“Maybe we don’t have to store everything ourselves.”
That’s Tadge Dryja, cryptocurrency research scientist at the MIT Digital Currency Initiative, explaining the concept behind his bitcoin scaling solution, “utreexo.”
Based on an idea that has been pursued by developers for many years, utreexo seeks to streamline an aspect of bitcoin’s code that leads to heavy storage requirements over time.
Simply put, it addresses what is known as the UTXO set – or the code that gives information on whether a bitcoin has been spent.
Currently, bitcoin nodes must store the entirety of this information, what is known as the “state,” in order to verify it.
With utreexo, though, rather than having to store the entirety of the bitcoin state, bitcoin holders could simply verify if it is correct using a cryptographic proof. This approach could minimize storage requirements to the extent that it might even be possible to run bitcoin on a mobile phone.
Also known as an accumulator, the tech underpinning utreexo isn’t a new idea – developers have been discussing ways to implement similar kinds of code since bitcoin’s early days – but it was previously met with hurdles to implementation.

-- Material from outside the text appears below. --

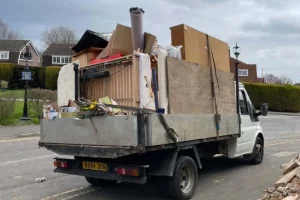 van filled with rubbish possilbly overloaded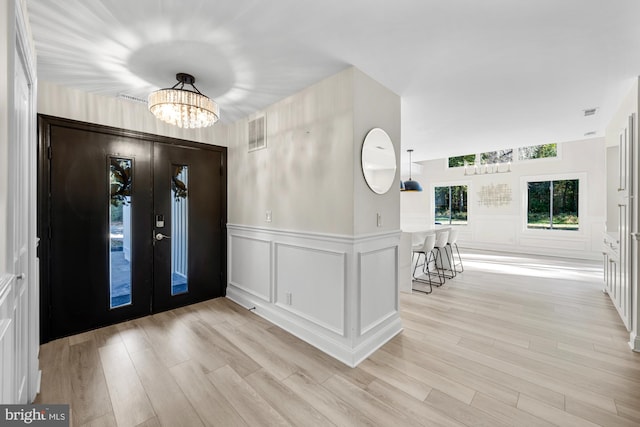 foyer featuring visible vents, a decorative wall, a wainscoted wall, light wood-style flooring, and a notable chandelier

Now, – due to work by Dryja and others – it is swiftly becoming a reality. In an early prototype, Dryja has created functioning proof-of-concept code.
And he’s not alone. Dryja is joined by cryptography heavyweights Dan Boneh, Benedikt Bünz and Ben Fisch, who have written a paper detailing an alternate accumulator method.

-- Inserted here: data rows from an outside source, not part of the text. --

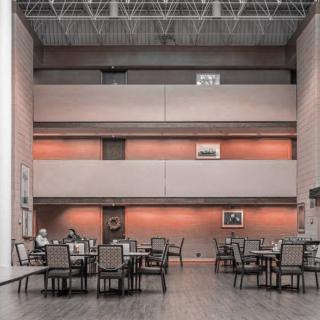 A modern dining area with tables and chairs, featuring a high ceiling and contemporary design.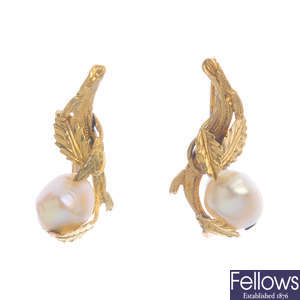 A pair of pearl earrings.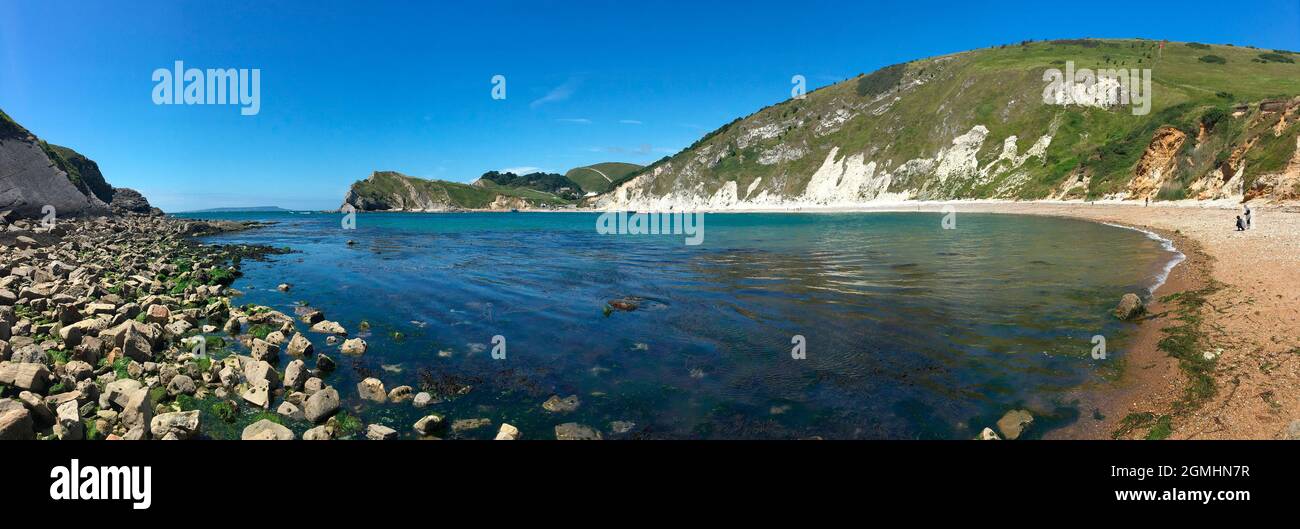 Lulworth Cove near West Lulworth, a village in the Purbeck district of Dorset on the south coast of England. The village is a gateway to the Jurassic Stock Photo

“The high-level goal is basically your phone could run a full node. That is the dream,” Bünz, who is known for his work on bulletproofs, a scaling tech that allowed monero to reduce transaction fees by 96 percent, told CoinDesk.
The paper has even been picked up by ethereum researchers, who are investigating how the technology might apply to layer two scaling solution, Plasma.

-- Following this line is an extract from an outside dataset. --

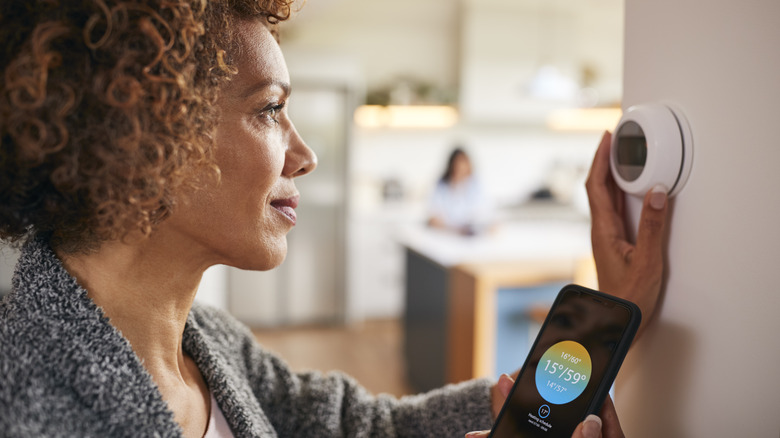 Woman Using App On Phone To Control Digital Central Heating Thermostat At Home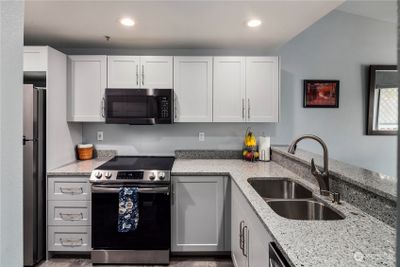 New stainless GE appliances, recessed stainless double sink | Image 2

And part of this flurry of activity stems from the fact that due to the nature of the technology, it doesn’t require a hard fork – a type of software update that requires unanimous support and participation – in order to safely activate. Instead, accumulators would be deployed at the wallet level, which significantly reduces the hurdle to implementation.
“Hard forks are almost impossible on bitcoin. Soft forks are hard as well,” Bünz said, adding:
Stepping back, accumulators have been discussed since as early as 2010, however, were previously met with an insurmountable bottleneck – what is known as a bridge node.
And that’s because, in order to function, accumulators require other people within the network to support the software. While previously, this was highly resource-intensive, Dryja has built a bridge node that doesn’t come with additional trade-offs – meaning that accumulators are now feasible for the first time.
According to Dryja, that’s notable because utreexo could address what has been a long-term pressure point for bitcoin: its increasing UTXO set.
UTXO – which stands for unspent transaction output – is the data structure that gives information about all the outstanding bitcoins on the network.
While it is known to fluctuate (the UTXO count actually decreased in 2018), the dataset tends to increase alongside bitcoin’s usage. This means that, if left unchecked, it could continue to grow, necessitating ever-increasing storage requirements.
In particular, this is something that concerns what is known as a bitcoin “full node,” a type of node that keeps a history of every transaction ever made on bitcoin. Currently, a full node requires about 200 gigabytes of storage – just beyond what a conventional laptop can store.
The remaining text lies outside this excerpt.